§ WHAT THIS TASK INVOLVES
Type out the lines below exactly, pictures excluded.

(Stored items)
━━━━━━━━━━━━━━━━━━━━━━━━━━━━━━
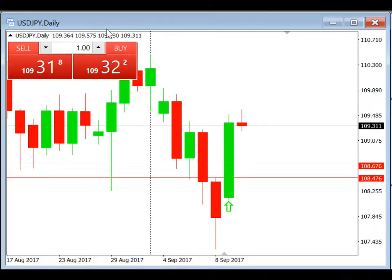We're looking at the currency pair USDJPY, and what we can see is Friday's high was at 108.476. Yesterday, which was Monday, we placed a buy stop at 108.476, stop loss at 108.276, and take profit at 108.676.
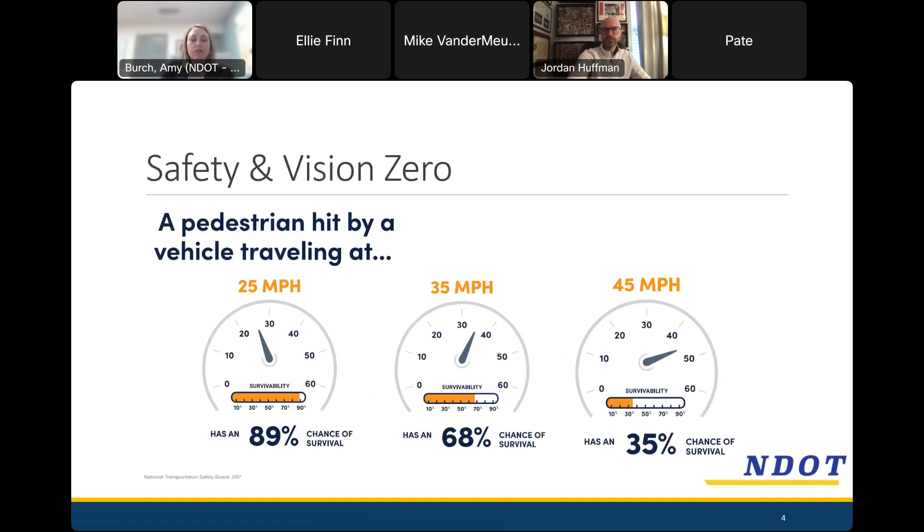Enforcement is the job the police department does, but we recognize they cannot monitor all streets 24 hours a day, 7 days a week. So traffic calming also addresses the engineering of the street — modifying street design to physically and behaviorally change driver behavior to encourage slower speeds. This slide shows our 'why.' There's a direct correlation between vehicle speed and survivability. At 25 mph, a pedestrian's chance of survival if struck is 89%. At 35 mph, that drops to 68%. At 45 mph, it drops to 35%. Speed is directly related to crash severity, and crashes are more easily avoided altogether at slower speeds.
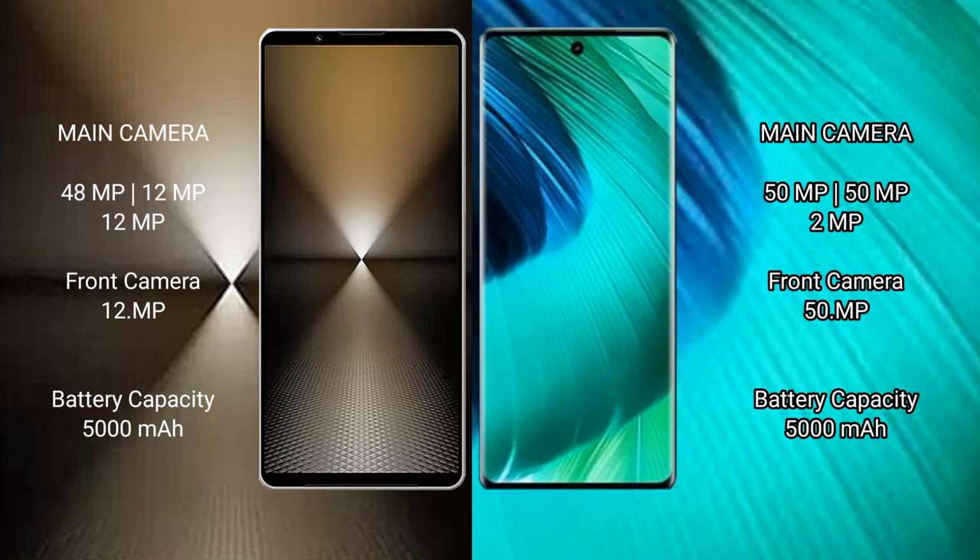Sony Xperia 1 Mark 6 has a 5000mAh battery with 30W fast charging support. Vivo V30 also has a 5000mAh battery but with 80W fast charging support.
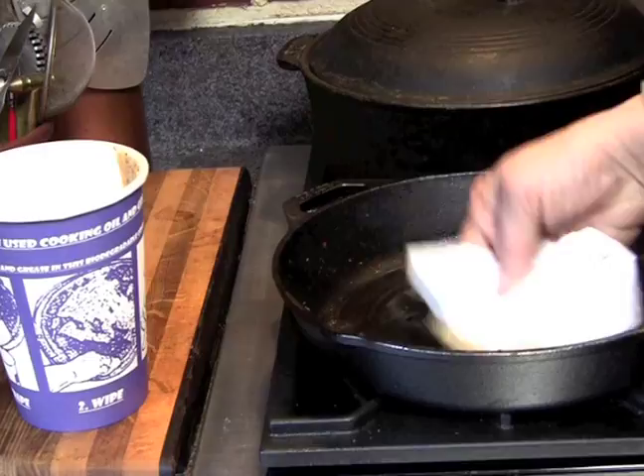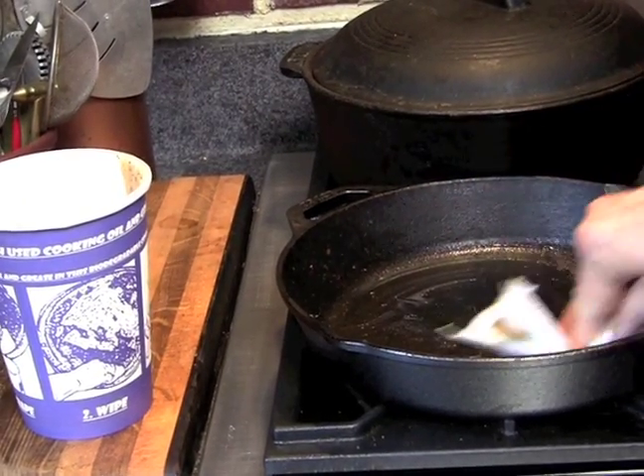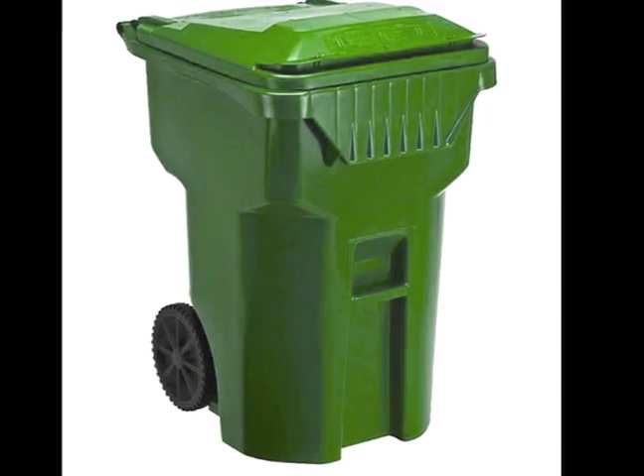Once you put the cooled grease into the compostable container, grab a paper towel and wipe off the leftover residue from the pan and throw it in the container as well. Because the paper towel is also biodegradable, you can put that and your container into your green cart.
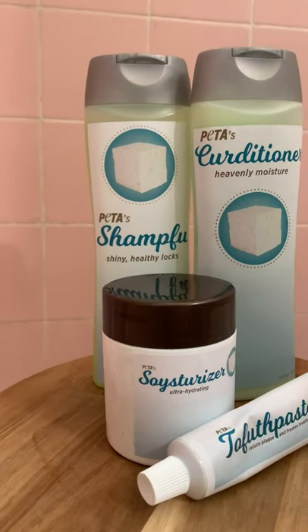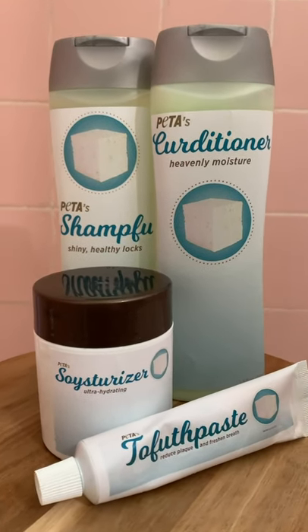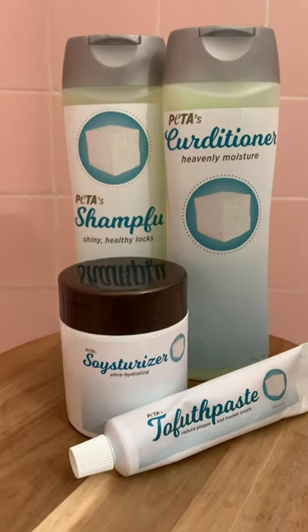Good morning everyone. Today I'm trying out PETA's brand new line of shampoo, conditioner, toothpaste, and moisturizer, all made from tofu.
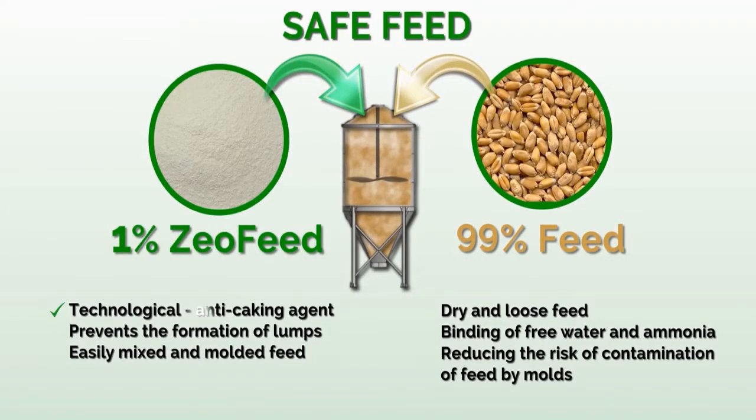During the manufacturing process of feed, it acts as a technological anti-caking agent. It reduces the adhesion of individual particles in the feed and prevents the formation of lumps. After adding Zeofeed, the feed is easier to mix and mold, and is dry and loose. It also binds free water, ammonia, and reduces the risk of contamination of the feed by molds.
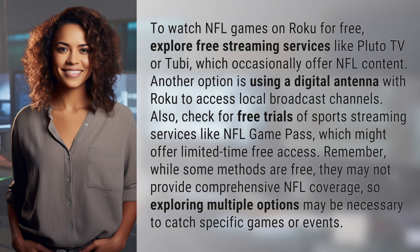To watch NFL games on Roku for free, explore free streaming services like Pluto TV or Tubi, which occasionally offer NFL content. Another option is using a digital antenna with Roku to access local broadcast channels.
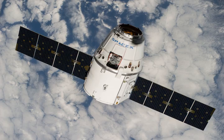The structural core of the CRS-4 Dragon capsule, C-106, was refurbished and reused in the SpaceX CRS-11 mission, making it the first Dragon capsule to be reused.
━━━━━━━━━━━━━━━━━━━━━━━━━━━━━━
§ EXERCISE SOLUTION
We're looking at the currency pair USDJPY, and what we can see is Friday's high was at 108.476. Yesterday, which was Monday, we placed a buy stop at 108.476, stop loss at 108.276, and take profit at 108.676.
Enforcement is the job the police department does, but we recognize they cannot monitor all streets 24 hours a day, 7 days a week. So traffic calming also addresses the engineering of the street — modifying street design to physically and behaviorally change driver behavior to encourage slower speeds. This slide shows our 'why.' There's a direct correlation between vehicle speed and survivability. At 25 mph, a pedestrian's chance of survival if struck is 89%. At 35 mph, that drops to 68%. At 45 mph, it drops to 35%. Speed is directly related to crash severity, and crashes are more easily avoided altogether at slower speeds.
Sony Xperia 1 Mark 6 has a 5000mAh battery with 30W fast charging support. Vivo V30 also has a 5000mAh battery but with 80W fast charging support.
Once you put the cooled grease into the compostable container, grab a paper towel and wipe off the leftover residue from the pan and throw it in the container as well. Because the paper towel is also biodegradable, you can put that and your container into your green cart.
Good morning everyone. Today I'm trying out PETA's brand new line of shampoo, conditioner, toothpaste, and moisturizer, all made from tofu.
During the manufacturing process of feed, it acts as a technological anti-caking agent. It reduces the adhesion of individual particles in the feed and prevents the formation of lumps. After adding Zeofeed, the feed is easier to mix and mold, and is dry and loose. It also binds free water, ammonia, and reduces the risk of contamination of the feed by molds.
To watch NFL games on Roku for free, explore free streaming services like Pluto TV or Tubi, which occasionally offer NFL content. Another option is using a digital antenna with Roku to access local broadcast channels.
The structural core of the CRS-4 Dragon capsule, C-106, was refurbished and reused in the SpaceX CRS-11 mission, making it the first Dragon capsule to be reused.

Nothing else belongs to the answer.